Museums and Galleries You Can Get into for Free

37 Conversations

Children climbing over Egyptian Mummies

Although by no means definitive, this excellent collaborative Community entry highlights many of the world's museums and galleries that you can get into for free. Are you ready for a tour? Good. Let us be your Guide. Now, ladies and gentlemen if you wouldn't mind just walking this way...


All of the museums run by the Federal Government as part of the Smithsonian in Washington, DC are always free. They include the Air and Space Museum, American History, National History, National Gallery of Art, and several other art museums, plus some other museums around the Mall. In addition, many National Park Sites across the USA are free. This can include large park areas (such as Yosemite or the Grand Canyon) or even smaller local attractions (such as Presidential birthplaces, etc).

In New York City, some museums have free days on more unpopular times or once a month. In addition, the Metropolitan Museum of Art only requests admission in the form of a suggested donation, so you could waltz in for free if you're feeling especially brazen.

Here are some of the highlights of the Smithsonian Institute. In their various museums they have such highlights as:

  • Original air and space craft (Air and Space Museum)

  • American history items including the flag that inspired the Star Spangled Banner

  • A large collection of dinosaur fossils and animal exhibits (Natural History)

  • Many notable gems and precious stones, including the Hope Diamond (also Natural History)

  • Several good classical art collections (National Gallery)

  • A few nice modern art collections (National Gallery, Hirshhorn)

  • Quiet galleries for African Art and Asian Art (the Sackler)

  • A nice zoo that includes two famous pandas (National Zoo)

Washington DC has many other free attractions. It's mainly an effect of money flowing from the federal government.

In New York City, there are also a few public art installations that are free (but not targeted for children). A great favourite is the 'Earth Room' located in So Ho. It's an entire apartment space on the second floor of a building filled with dirt waist-high. It sounds strange, but the effect is incredibly impressive and serene. Unfortunately, it's closed during the summer because mushrooms start growing there.

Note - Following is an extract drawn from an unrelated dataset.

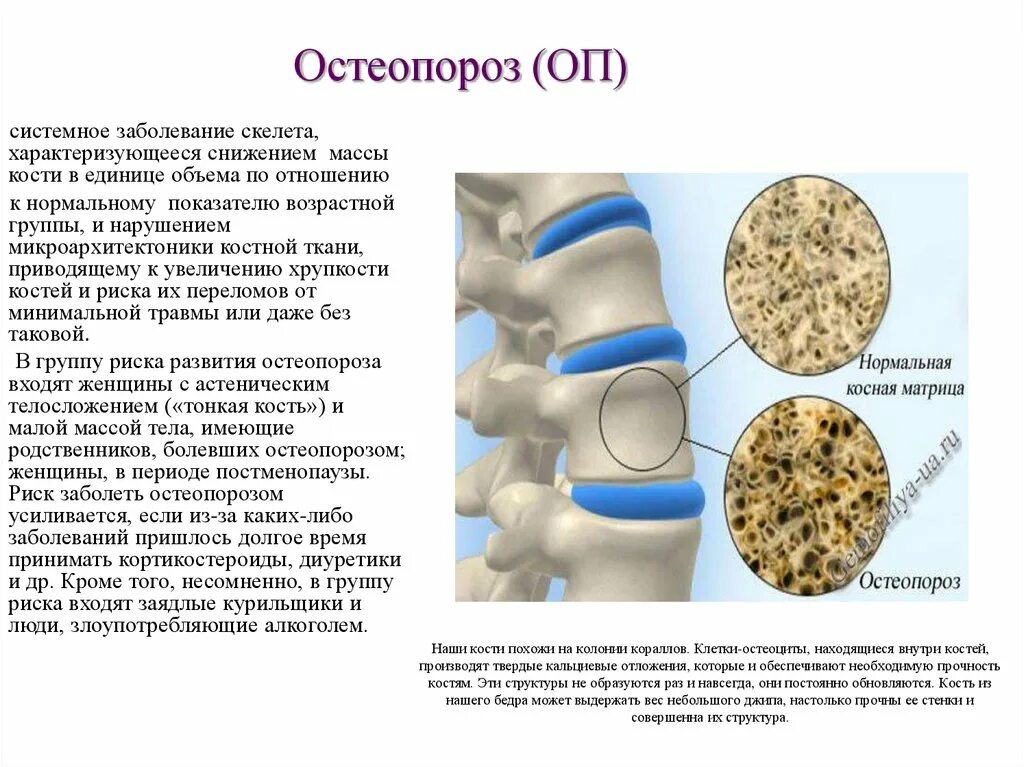Лечение костных заболеваний. Остеопороз. Системный остеопороз.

Andersonville National Historic Site, Georgia, USA

I went down to the Andersonville National Historic Site and National POW Museum in Andersonville, Georgia. It was free. The museum had exhibits from POWs throughout history. Most of it was from the Civil War on. There was also a driving tour of the area on tape that you could rent.
Camp Sumter, the notorious Civil War prison camp has been marked out, and part of it has been reconstructed. There are also monuments from various states to their soldiers who died in the camp. It also shows how both side got on without many people in POW camps for most of the war, but the Confederates wouldn't respect parole, and there were no more prisoner exchanges (but I digress).

Kimbell Art Museum, Fort Worth, Texas

The Kimbell in Fort Worth, Texas is one of the finest galleries in the world. The regular showings are free; they have special exhibitions which cost around ten dollars to view (at the time of writing), but they're worth it. This is a good place to subject your children to some culture without having to shell out the bucks. Up the street is the Amon Carter Museum with lots of great Western art, and next door to that is the Museum of Modern Art, which is a little more inaccessible to children, although they might enjoy the weird shapes and bright colours. Next to the Modern Art Museum is the Fort Worth Museum of Science and History, which does cost money to get in the door. They have a great kid's area though, and Dinodig, where kids can dig up bones.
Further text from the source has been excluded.